One example of this awakening of my unknowing came in the form of a casual date, one of many, which was actually a fun byproduct of this period of my life. One such casual date began at the Crunch Gym on Sunset Blvd in West Hollywood, CA, a place that could best be described as a nightclub with beautiful people and some gym equipment. It had an equal number of mirrored reflective surfaces as it had machines, a small ramp that served the dual-purpose of handicap access and catwalk, and was complete with opaque glass-walled showers butting up to the entrance to the gym. So while you could definitely get a great workout in, and meet some really cool people, it was also a great place to meet guys.

One of those guys I met was this tall, handsome dark-haired Latino man a few years my junior. We did the stereotypical glance-across-the-gym, a slight smile, then I went up and started a conversation. I flirted, we made a date. It was all pretty routine.
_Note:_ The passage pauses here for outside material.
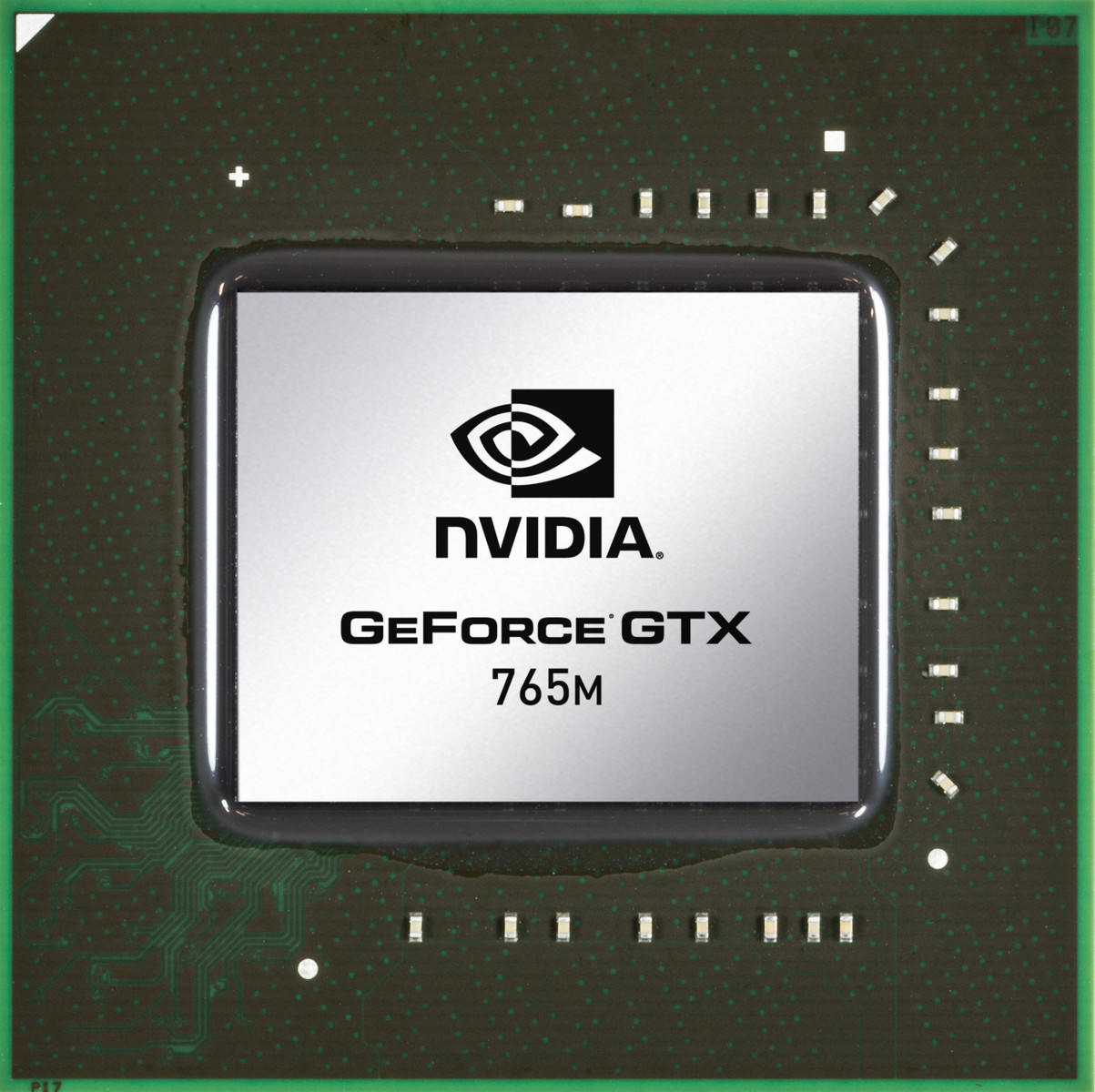 Nvidia Geforce Gtx 765m Sli Notebookcheck Net Tech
We met at my apartment and what I lacked in furniture I made up for in charm, or at least that’s the way I remember it. We started talking, and there was a clear, palpable connection there. It was fireworks and excitement and that part was a lot like what you see in the movies. As it was clear we were quickly progressing this from a casual date to sex, I candidly threw off a statement that used to be common for me:

“You’re negative right?”

His response was confident and quick.

“No.”

It took me a second to register that response, and I kept moving forward. It was 2010, a full decade after “AIDS ended”, or at least that’s what I thought at the time.

“Wait, what?”

“No, I’m HIV Positive.”

We continued making out, but then I stopped, not out of fear, rather because I had a bunch of questions for him. We took a break, and this angel sat with me and answered a ton of questions about his status, ones that I am embarrassed that I asked now, instead of knowing them at the time. Questions like:

“How long have you been positive?”
”What does that mean for sex with people who are negative?”
”How long have you known?”
”Can you contract HIV through (fill in specific sexual position?”
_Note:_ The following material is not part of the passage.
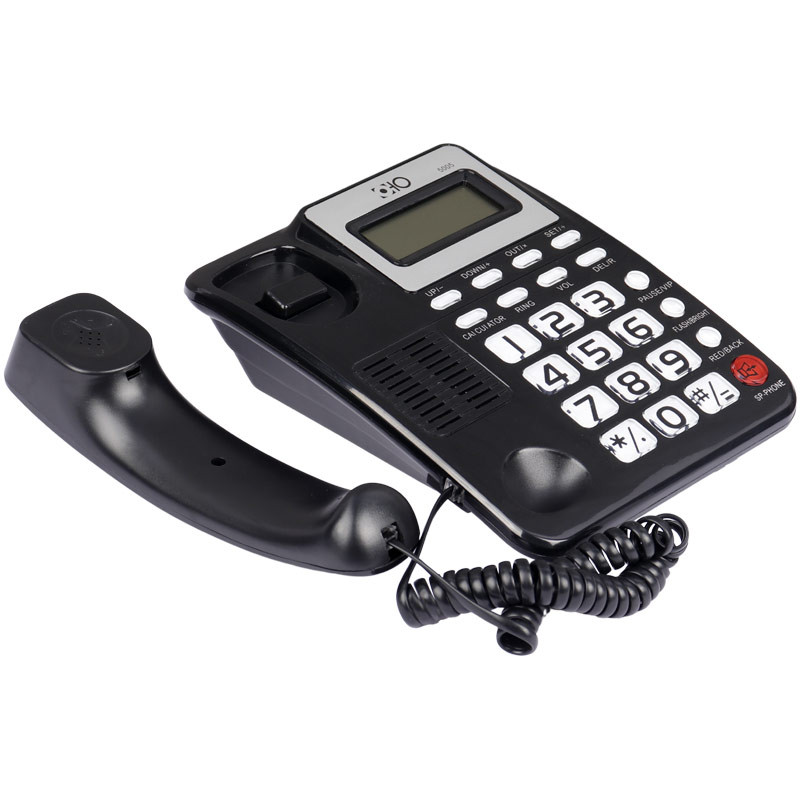 تلفن رومیزی اهو Oho OHO-5005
Look, this was 2010, and here’s the thing about that period: there wasn’t a plethora of overt information or commonplace conversation about HIV/AIDS anymore and/or yet. There wasn’t a lot of talk about PREP (Pre-Exposure Prophylaxis) because it didn’t exist yet. in retrospect, this period of time was a great limbo in the global conversation of HIV/AIDS. For me, and for many of the people I knew, especially many of the young gay men I knew, HIV/AIDS was a thing of the past. Something we “beat”, and because everyone used condoms, it had kind of gone away.

Naive, party of one, your table is now available.
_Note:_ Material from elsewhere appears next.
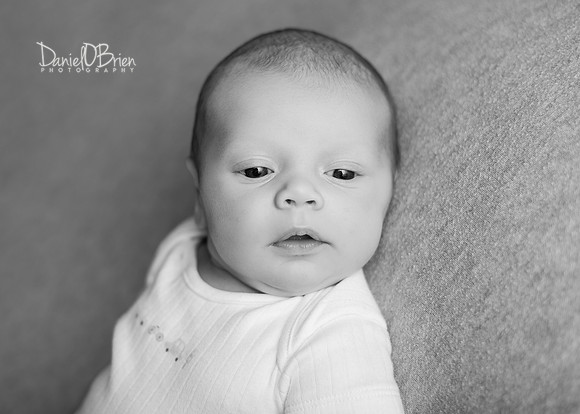 Mateo 1713022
The lack of seemingly-readily available information at the time doesn’t prevent the wave of shame that washes over my body in vividly remembering both that way of thinking and the ignorant barrage of questions I asked my date that night. I liken my questioning of him to the type of questioning “well-meaning White people” ask their Black friends and co-workers, a level of ignorance so grotesque that in addition to showing their severe lack of education, it shows a lack of compassion in that they, or in my case, he, should be the one to educate me.

But my date was gracious, answered all my questions, and was really sexy, too. We ended up having a really fun, intimate, safe evening. When he left, I meditated, tapping into my then-newfound passion, and one of the things that came clear to me was this: I had a lot of work to do, and I was making a commitment to doing it.

Getting to Work

The thing about meditation and setting intentions is that when it comes from a clear place, the Universe starts to respond. Within days of my date, I sat down beside my friend Craig at the same Crunch gym on Sunset where I met that handsome teacher. Craig is tall (I swear I’m not a height-ist), handsome, and at the time in his early 50’s. He and his husband, Tony, have been together for 30-some years and are this really cool, smart, kind couple.

Craig and I were stretching before a spin class, and I casually asked what he was working on. As I remember it, he mentioned the idea of working with another friend to enhance the AIDS Memorial Walk, the plaques on Santa Monica Blvd, part of the original memorial to AIDS victims in West Hollywood.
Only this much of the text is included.